Meclis’te
bütçe görüşülürken bir ‘barış belgesi’ olarak ‘Magna Carta’nın önemi
Mustafa
Durmuş
21
Kasım 2022
2023 Yılı Merkezi Yönetim Bütçesi Plan ve Bütçe
Komisyonu’nda görüşülürken, tartışmaların düzeyi ve kullanılan dil ve üslup
anlamında, rahatsız edici bir bütçe süreci yaşanıyor.
Tartışmaların düzeyi açısından genel
olarak düşük düzeyli bir süreç işletiliyor.
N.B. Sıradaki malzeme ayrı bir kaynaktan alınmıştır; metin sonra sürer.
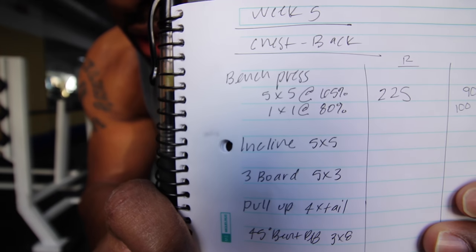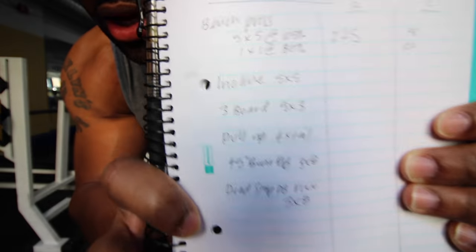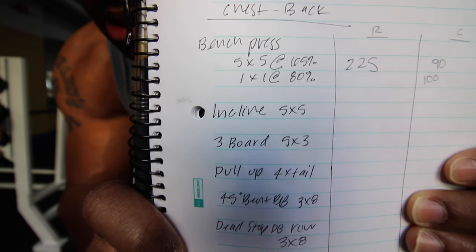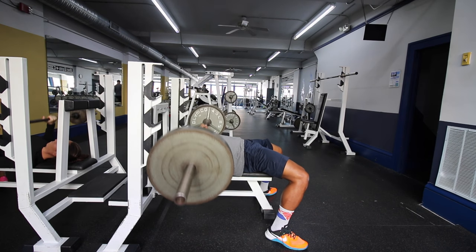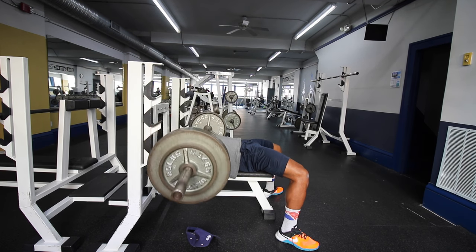Today's workout is chest and back. I'm starting off with bench press, five by five at 225 — which is 65% of my one rep max — and I've got to do one set at 255, which is 80% of my max. I was supposed to do five sets at 225 but that was a little light, so I'm going up 50 pounds and doing five sets of five at that weight. If you're lifting and you know it's too easy, don't cheat yourself by not going up in weight, as long as you don't have to compromise your form. Make sure you're challenging yourself on every single set, because if you're not challenging yourself you're wasting your time.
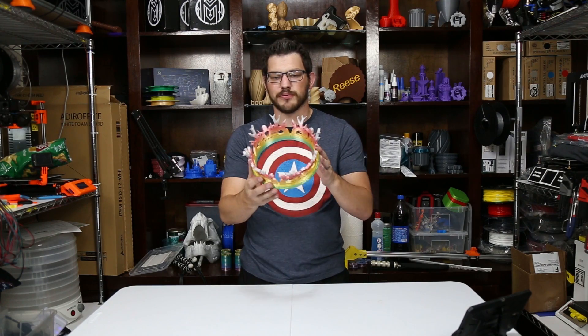What's up guys, Shane here from Figadack 3D printing, and today we're printing Joffrey's crown from Game of Thrones.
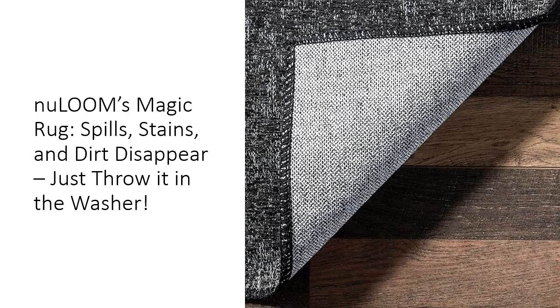Stylish enough to elevate any room, the New Loom Elspeth Rug doesn't just blend in — it stands out. With its modern, faded design, this rug adds a touch of contemporary flair to your decor while being versatile enough to complement any style. Whether you're redecorating or just looking for that perfect finishing touch, this rug is the ultimate combination of fashion and function.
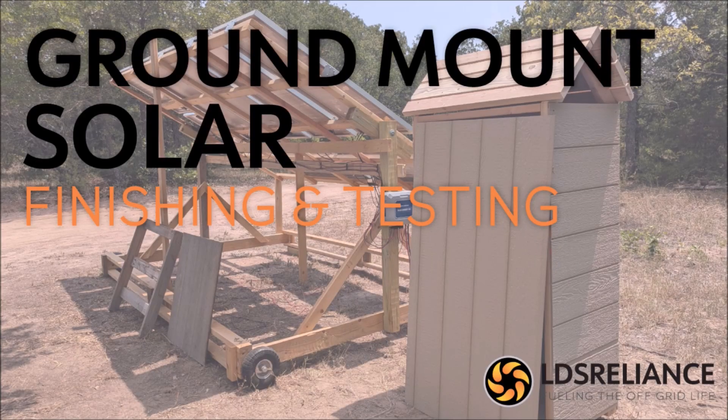With the solar panels and charge controller wired, it's time to finish up the inverter wiring and test the whole system. Spoiler alert: things did not go as planned.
Buna rağmen bakanlıkların bütçe
teklifleri üzerindeki görüşmeler genelde gerilimli bir ortamda yapılıyor. Örneğin,
atanmış bir bakanın halk tarafından seçilmiş milletvekillerine karşı kullandığı
ağır küfür ve hakaretler içeren sözler (1), etik olarak kabul edilemezliği bir
yana, beraberinde Bütçe Hakkı’nın yok
edilmesi anlamında ciddi bir sorgulamayı da gerekli kılıyor.
Bir
madalyonun iki yüzü gibi
Eş zamanlı olarak (iki gün önce) Kuzey
Suriye’ye ve Kuzey Irak’a yönelik olarak geniş çapta yeni bir askeri hava operasyonu
gerçekleştirildi. Bu da içerideki otoriter dilin militarizmle bir arada
yürüdüğünü, ikisinin birbirini tamamladığını, ikisini birbirinden ayırarak
(bazı muhalefet liderlerinin yaptığı gibi) siyaset yapılamayacağını gösteriyor.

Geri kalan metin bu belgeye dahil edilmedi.